= Beginning of Section =

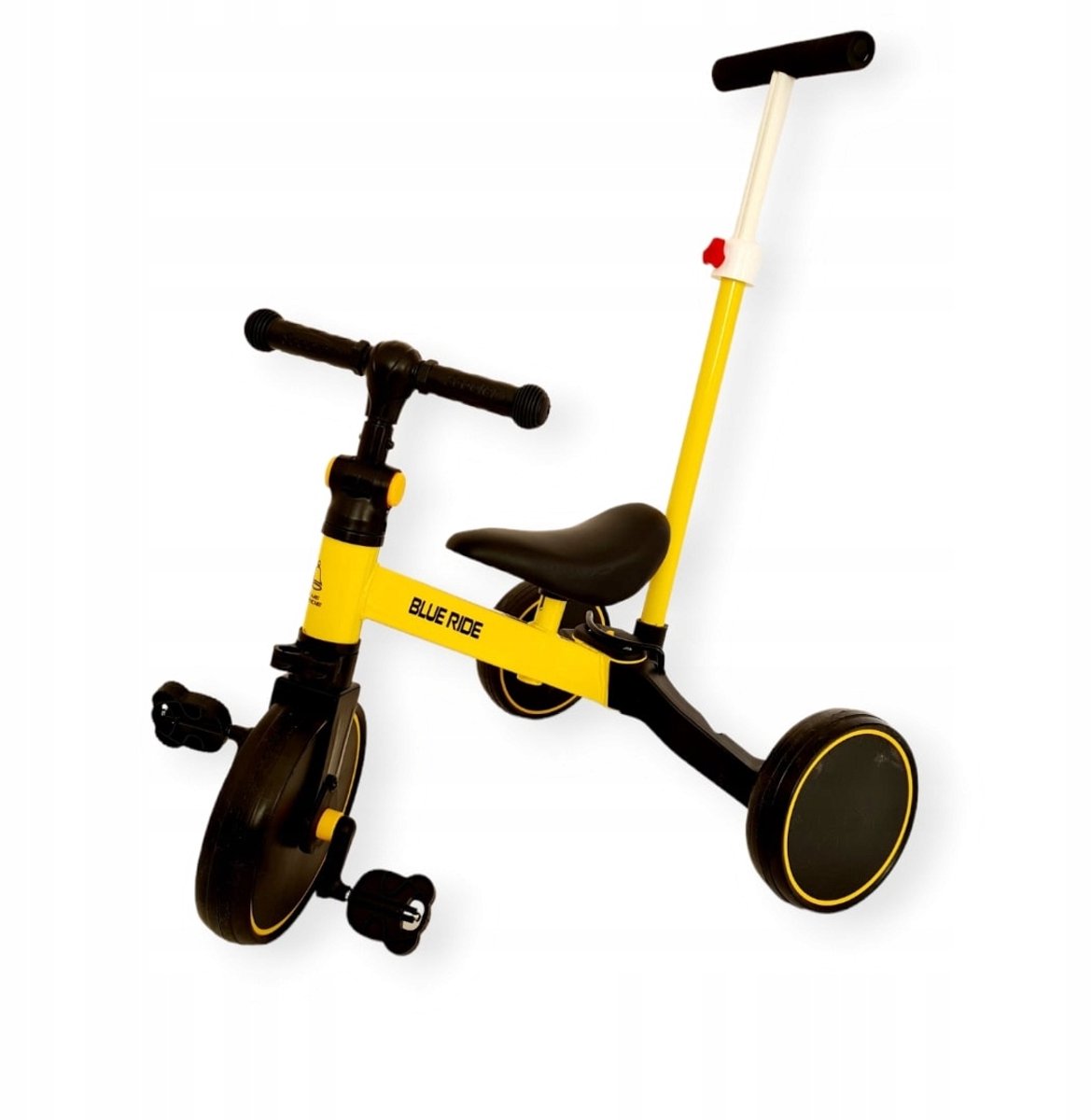 loopfiets 3 in 1 met duwstang geel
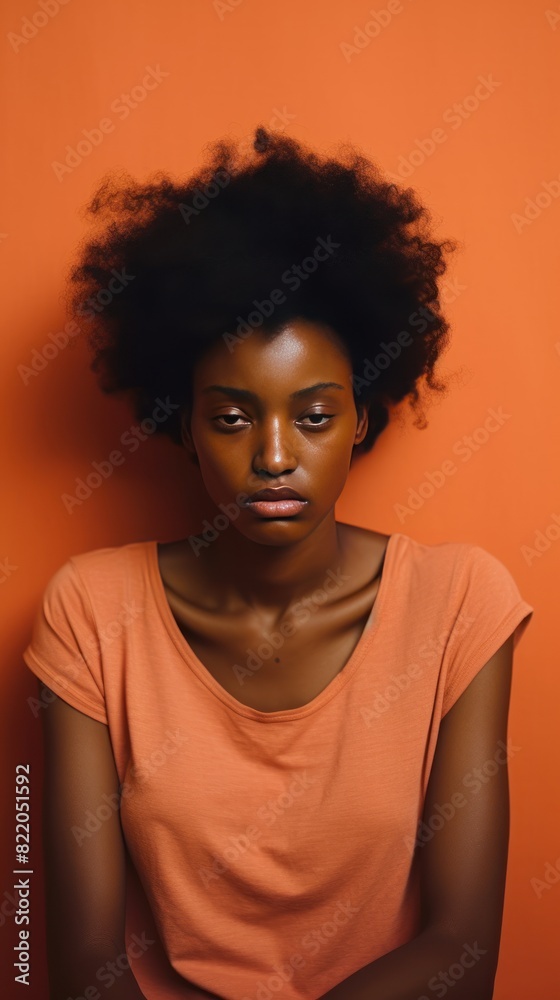 Wall mural Coral background sad black independent powerful Woman. Portrait of young beautiful bad mood expression girl Isolated on Background racism skin color depression anxiety  - Wall murals
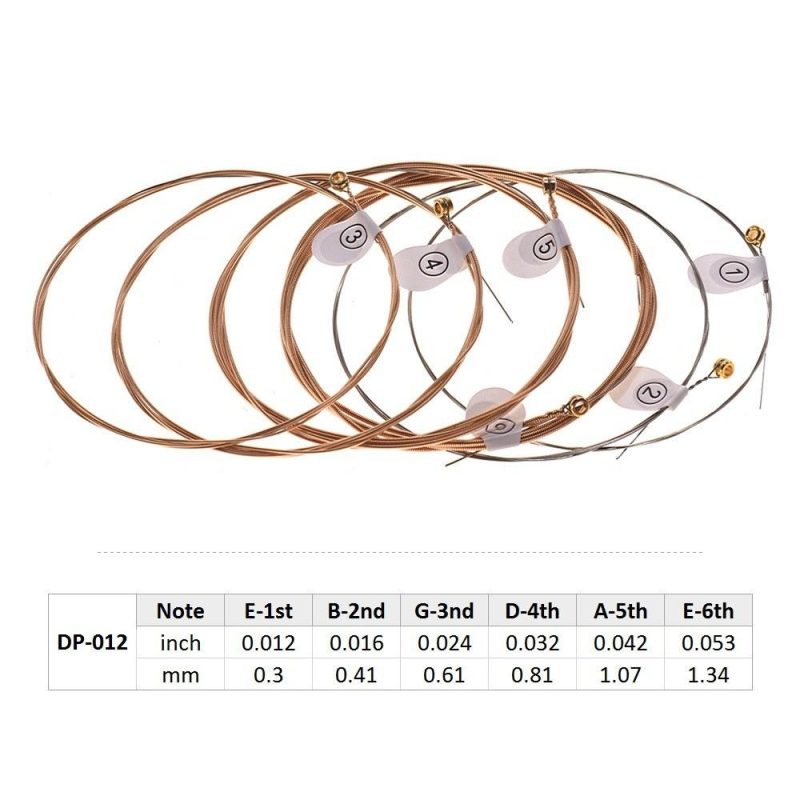 Strings and Accessories |   DP-010 Extra Light Acoustic Guitar Strings Hexagon Alloy Wire Phosphor Bronze Wound Corrosion Resistant 6 Strings Set Musical Instruments Strings & Accessories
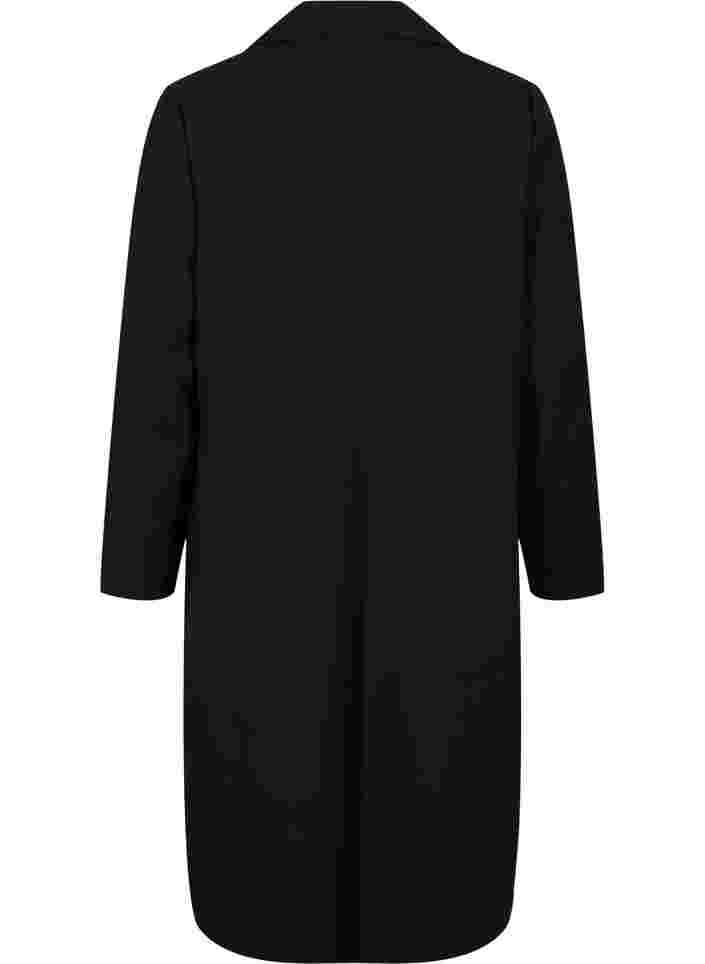 Pitkä takki napituksella, Black, Packshot image number 1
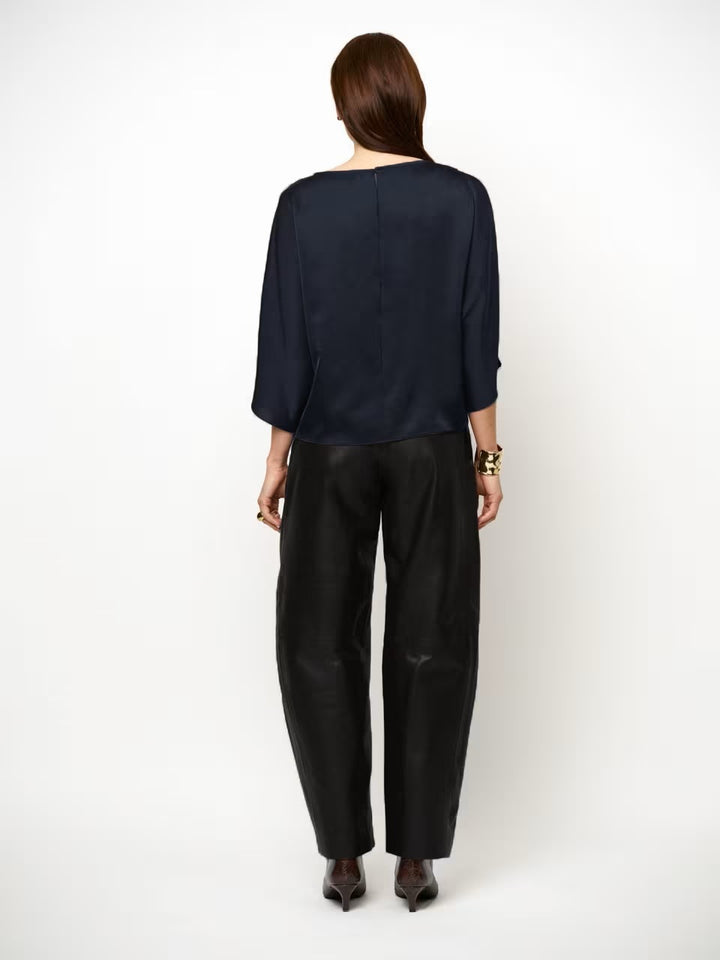 Dante6 Risette Satijnen Top – Blauw -100% polyester-DAMES TOPS & BLOUSES-Blauw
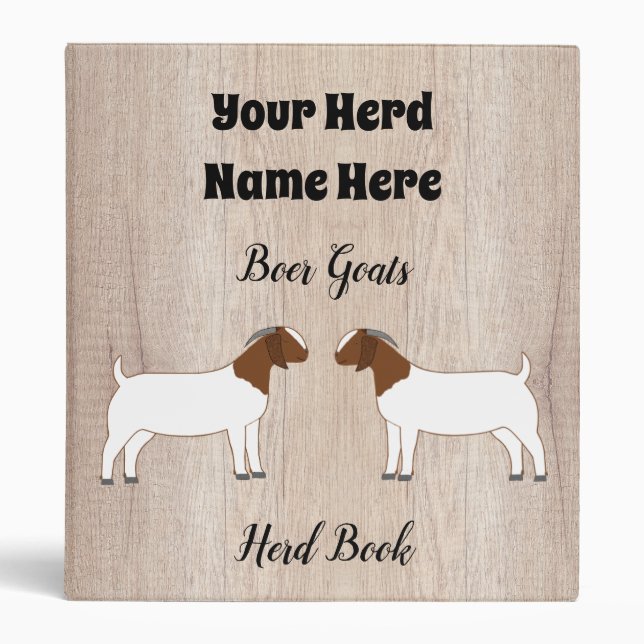 Rustic Boer Goat Herd Book 3 Ring Binder (Front)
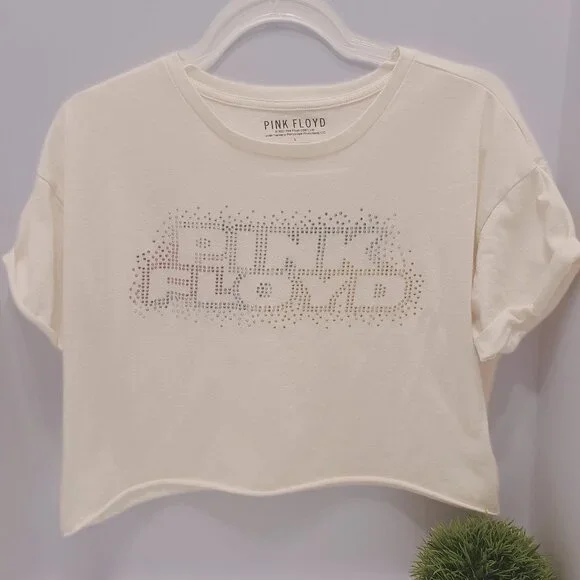 Pink Floyd Cropped Graphic Tee with Rhinestone Logo – Size L - Picture 1 of 8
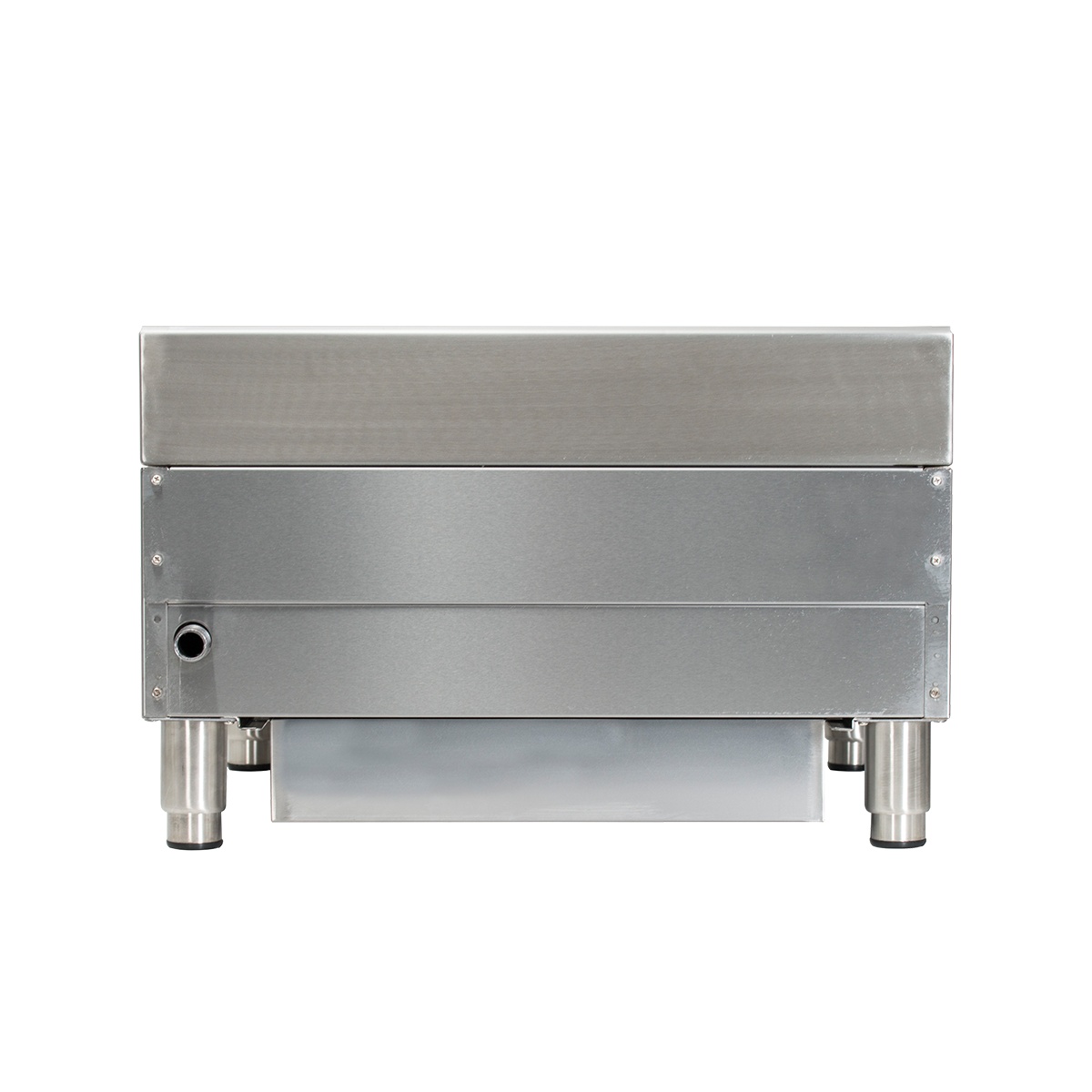 Rear view of Globe GCB24G-RK countertop charbroiler showing stainless back panel and legs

= End of Section =

Action item:
If a record contains a picture, leave the picture out and retype everything else exactly.

Problem solution:
 loopfiets 3 in 1 met duwstang geel
 Wall mural Coral background sad black independent powerful Woman. Portrait of young beautiful bad mood expression girl Isolated on Background racism skin color depression anxiety  - Wall murals
 Strings and Accessories |   DP-010 Extra Light Acoustic Guitar Strings Hexagon Alloy Wire Phosphor Bronze Wound Corrosion Resistant 6 Strings Set Musical Instruments Strings & Accessories
 Pitkä takki napituksella, Black, Packshot image number 1
 Dante6 Risette Satijnen Top – Blauw -100% polyester-DAMES TOPS & BLOUSES-Blauw
 Rustic Boer Goat Herd Book 3 Ring Binder (Front)
 Pink Floyd Cropped Graphic Tee with Rhinestone Logo – Size L - Picture 1 of 8
 Rear view of Globe GCB24G-RK countertop charbroiler showing stainless back panel and legs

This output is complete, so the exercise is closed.